Top of EXTRACTED INFORMATION

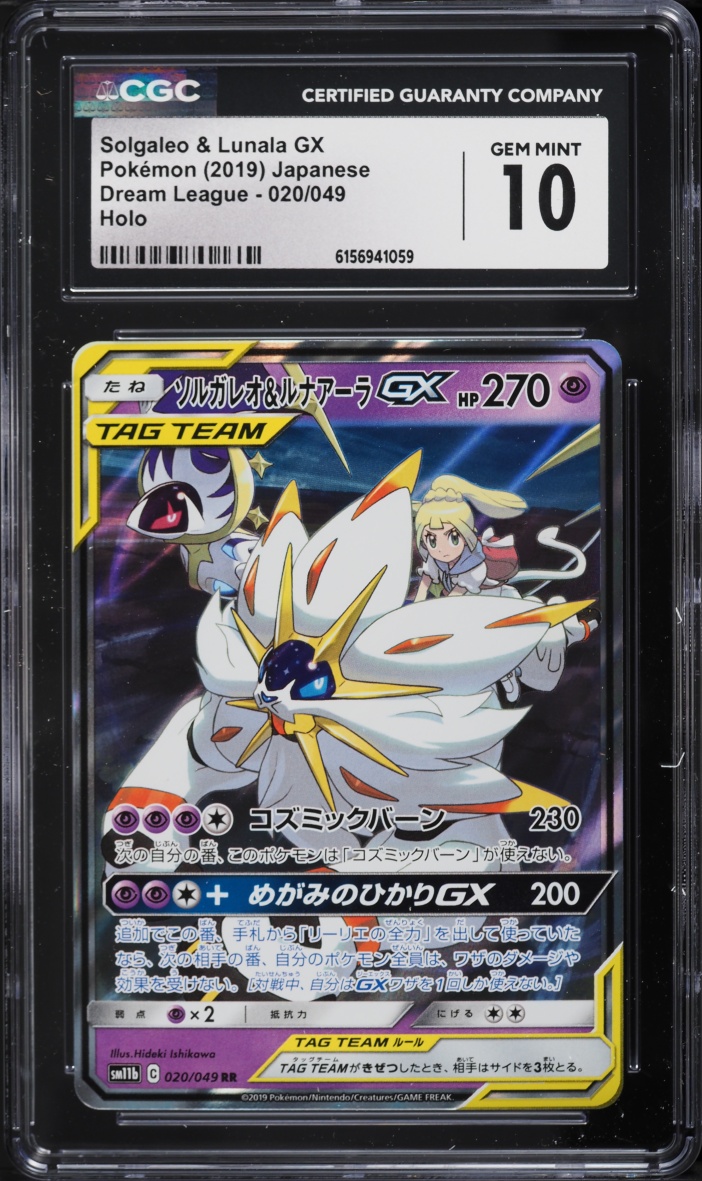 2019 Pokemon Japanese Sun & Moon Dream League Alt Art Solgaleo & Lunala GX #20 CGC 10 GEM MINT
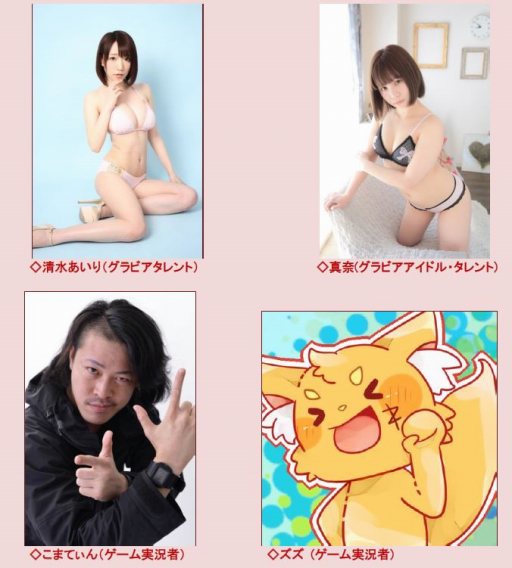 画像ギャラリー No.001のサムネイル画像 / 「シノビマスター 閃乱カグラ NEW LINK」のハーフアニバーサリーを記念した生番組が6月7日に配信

Bottom of EXTRACTED INFORMATION
Top of EXTRACTED INFORMATION

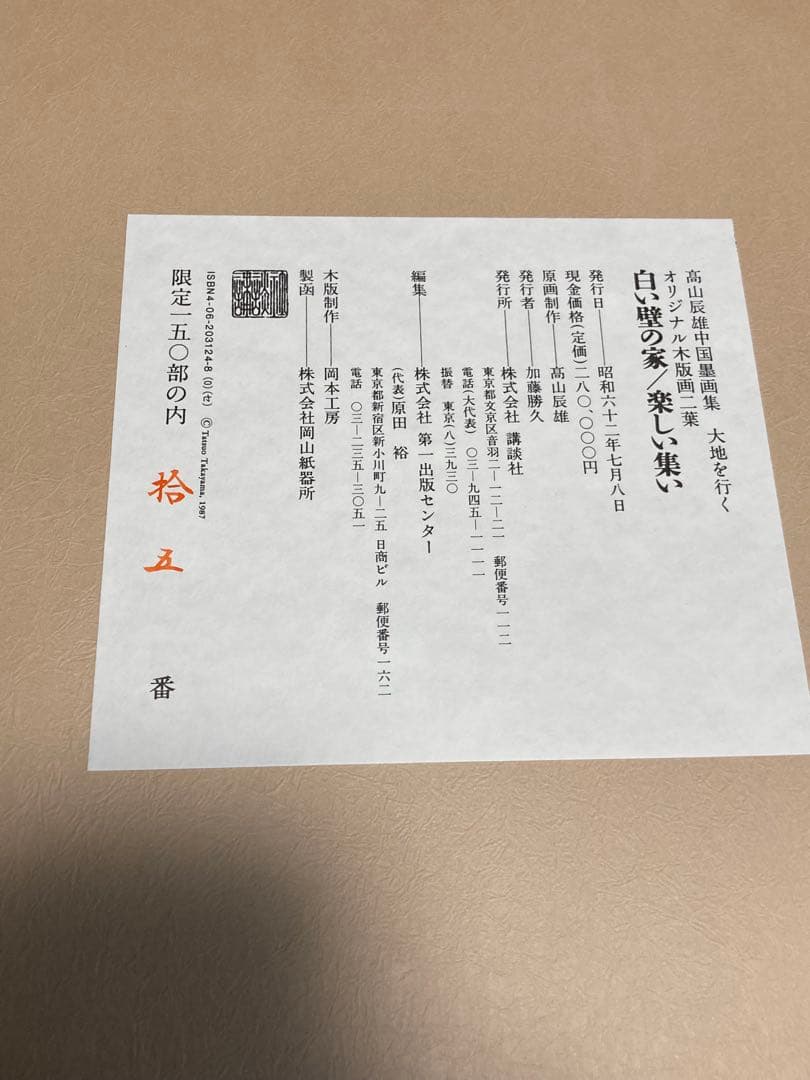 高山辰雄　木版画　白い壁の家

Bottom of EXTRACTED INFORMATION

Here the job is to copy the stretch of records from the line containing "2019 Pokemon Japanese" through the line containing "画像ギャラリー No.001のサムネイル画像 /", word for word. Leave every picture out.

> ANSWER
 2019 Pokemon Japanese Sun & Moon Dream League Alt Art Solgaleo & Lunala GX #20 CGC 10 GEM MINT
 画像ギャラリー No.001のサムネイル画像 / 「シノビマスター 閃乱カグラ NEW LINK」のハーフアニバーサリーを記念した生番組が6月7日に配信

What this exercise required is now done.